Exercise aim: Would you output all the lines below precisely as they stand, leaving each picture out?
== Given records ==
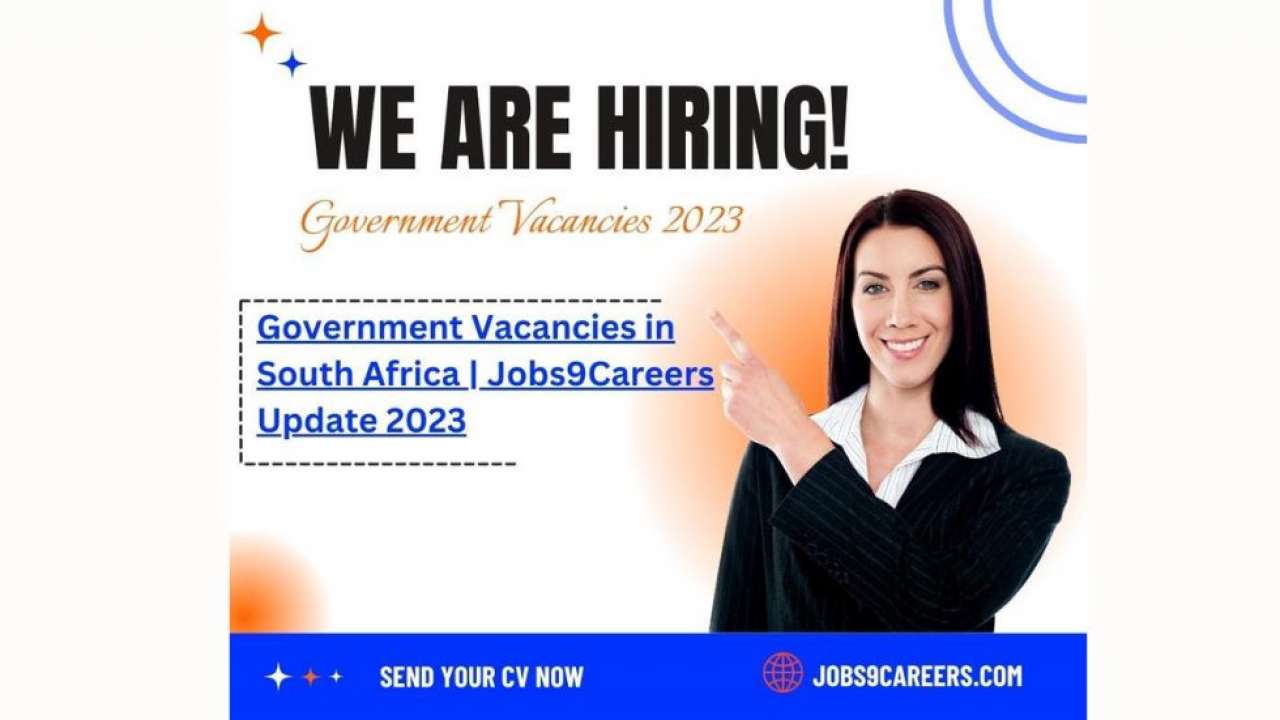 government-vacancies-in-south-africa-jobs9careers-update-2023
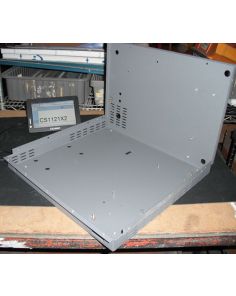 THERMO CS1121X2 CASE CHASSIS BASE EC5500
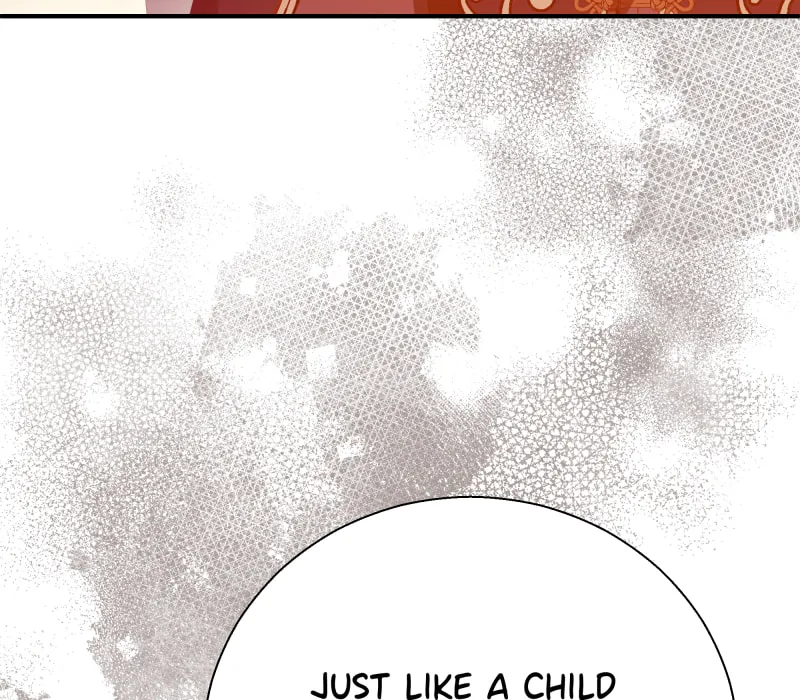 Go Away Romeo Chapter 63 page 98 - 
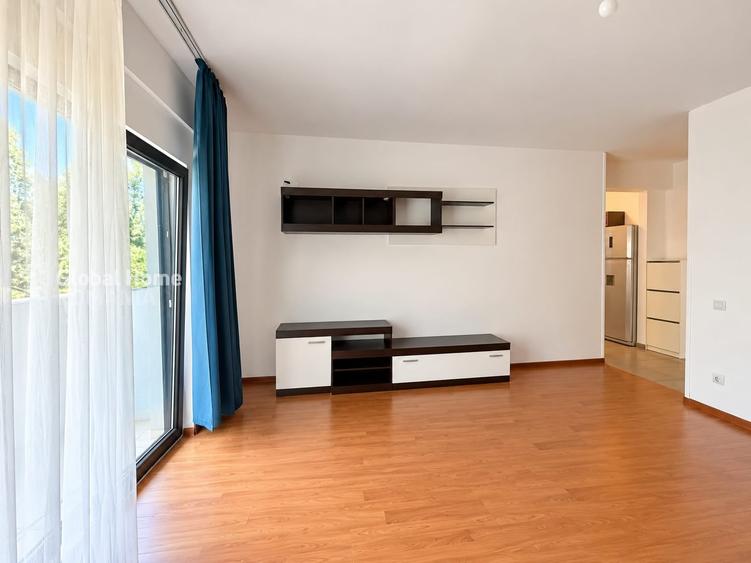 Apartament 3 camere | Sisesti | Mobilat si utilat | Pet frendly | - 2
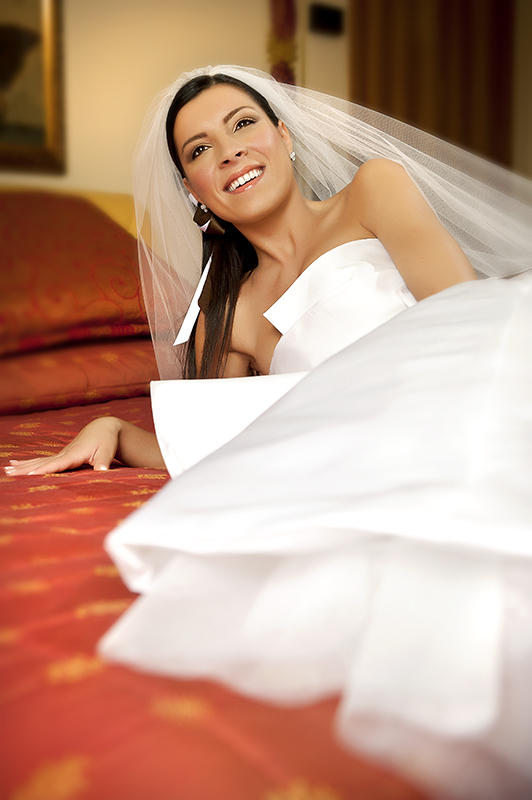 WEDDING - 3 oct 2010_19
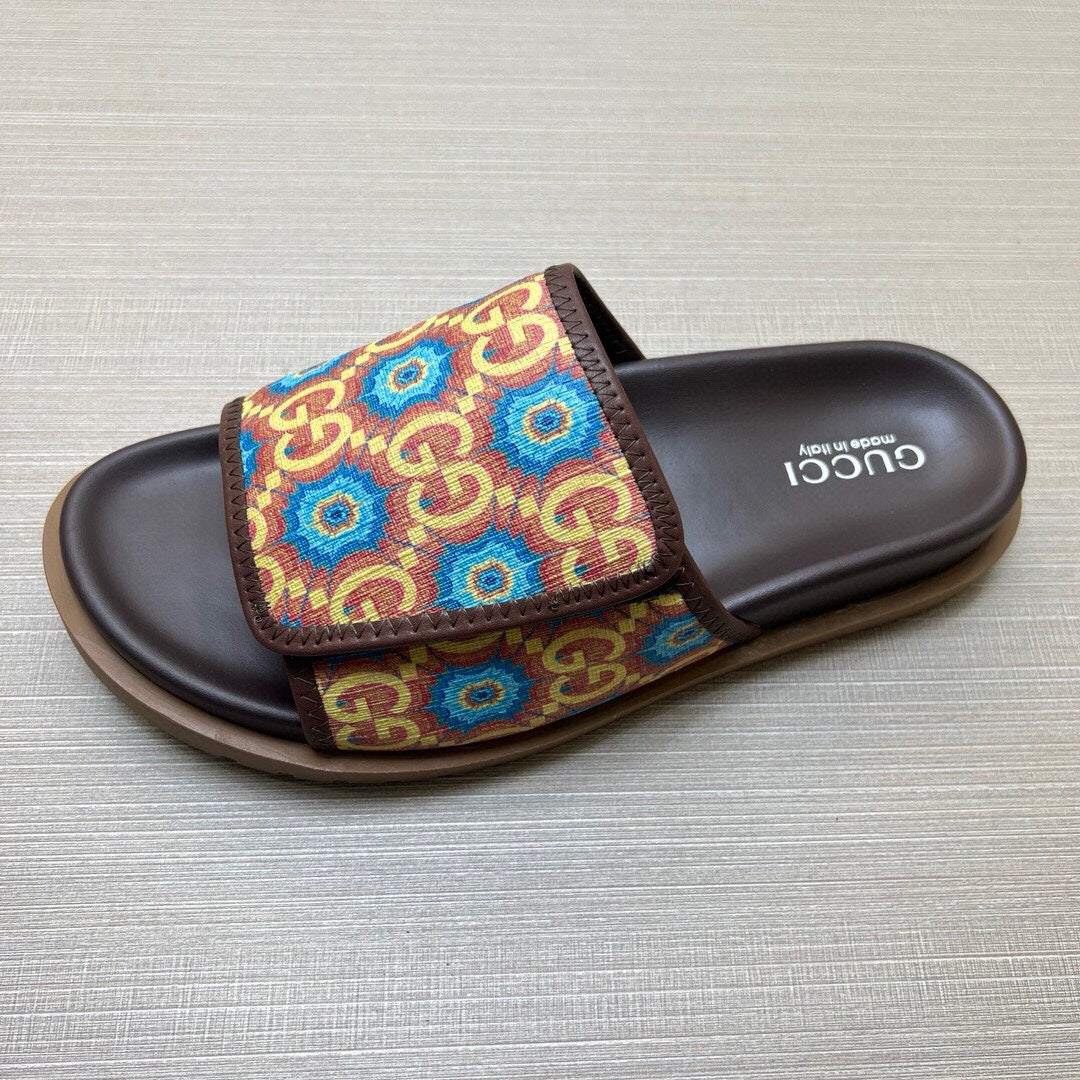 Z5WB240 Popular Slippers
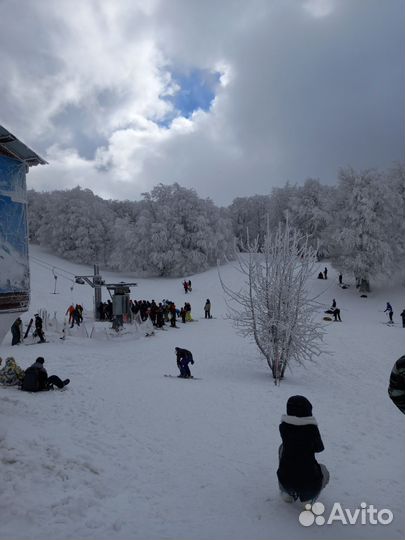 Экскурсии Бахчисарай. джип - туры по Крыму
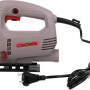 Электролобзик CROWN CT15212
===
Completed exercise:
 government-vacancies-in-south-africa-jobs9careers-update-2023
 THERMO CS1121X2 CASE CHASSIS BASE EC5500
 Go Away Romeo Chapter 63 page 98 - 
 Apartament 3 camere | Sisesti | Mobilat si utilat | Pet frendly | - 2
 WEDDING - 3 oct 2010_19
 Z5WB240 Popular Slippers
 Экскурсии Бахчисарай. джип - туры по Крыму
 Электролобзик CROWN CT15212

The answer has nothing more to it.